As the government has for the wider community, HMPPS has constructed a five stage coronavirus alert system for prison regimes. The stages are:
Stage 5 | Complete lockdown – regime is focused purely on the preservation of life.
Stage 4 | Lockdown – minimum required regime in place to ensure safety and decency, receptions from courts for some prisons, but routine inter-prison transfers stopped and controlled.
Stage 3 | Restrict – compartmentalisation remains in place, testing and monitoring ongoing, social distancing applied and PPE in use. Visits and offending behaviour work can start to be reinstated with appropriate restrictions.
Stage 2 | Reduce – compartmentalisation remains in place, testing and monitoring ongoing, minimal social distancing applied. Reintroduction of classroom-based education, more workshops, indoor PE, communal worship and less restrictive adaptations.
Stage 1 | Prepare – ongoing screening, testing and monitoring. Regimes operating without requirements for social distancing or PPE use.
Due to the different factors that present in the secure environment and the need to be responsive to local conditions, different prisons will be assessed as being ready for different regime stages and move in different directions over time.
In order to manage these different stages, HMPPS will publish updated guidance including Exceptional Delivery Models (EDMs) for individual areas of the prison regime, covering how to deliver aspects of the regime at every stage.
Clinks has encouraged HMPPS to consider how the voluntary sector might be engaged in the processes for determining whether a prison moves to a new stage. Many of the fundamental changes that will take place within a regime as it moves between stages will be dependent on voluntary sector organisations remobilising their services (family visits, through-the-gate and other rehabilitative and resettlement services, educational classes etc.). Therefore, voluntary organisations must be engaged in readiness assessments before a new stage is implemented to assess whether they feel able and safe to deliver their services.
The framework sets out a substantial amount of information that is being collated centrally as part of the reporting, monitoring and assurance processes. Clinks has made representations that this information should be made available to voluntary sector organisations where appropriate to enable them to engage in discussions about moving between stages and to remobilise their services accordingly.

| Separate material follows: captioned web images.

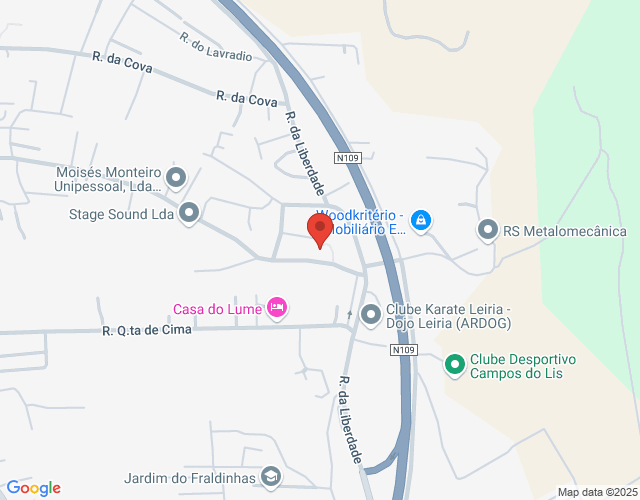 Mapa de localização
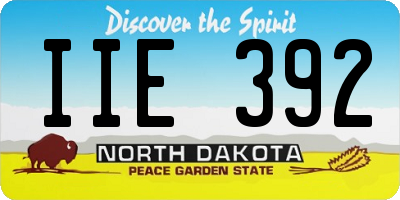 ND license plate IIE392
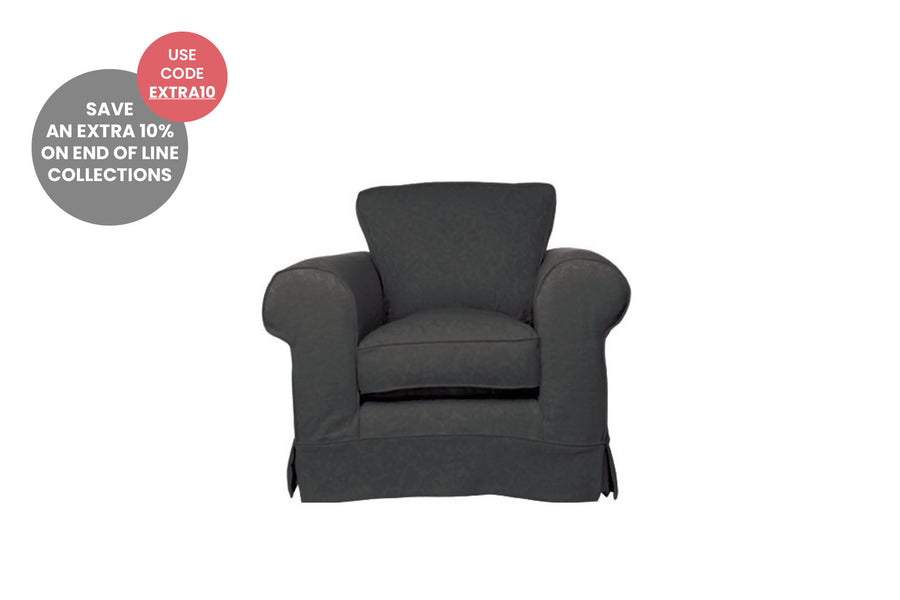 Albany | Club Chair | Kingston Charcoal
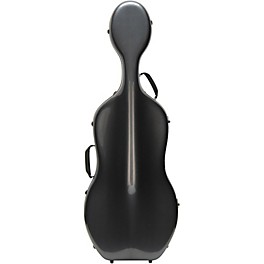 Otto Musica Mirage Series Carbon Hybrid Cello Case 4/4 Silver Gray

Similarly, once a new stage has been set, Clinks has advocated for voluntary organisations being involved in implementing the changes set out in the EDMs. We have asked that governors engage voluntary sector services early in their planning for implementing EDMs, with regard to how services will be remobilised and which services are prioritised. To enable this, Clinks has also encouraged HMPPS to engage with the relevant parts of our sector in the development of the EDMs, in particular those relating to family services, education, through-the-gate and other rehabilitative and resettlement activity, as many of these organisations will be key to the delivery of the EDMs. We have suggested that this could be facilitated through the Reducing Reoffending Third Sector Advisory Group (RR3) Special Interest Group on Covid-19 with the potential to co-opt other organisations where necessary.
Finally, Clinks recognises that in some cases there will be very good reasons for prisons being much slower to loosen than wider society, and for individual prisons to move back to an earlier stage. However, we have strongly urged that these changes are communicated clearly to people in prison and their families to legitimise these conditions in prison while lockdown is loosened in the community.
We have suggested that HMPPS engages the voluntary sector to ensure that this information is communicated promptly and accurately to prisoners and their families and friends.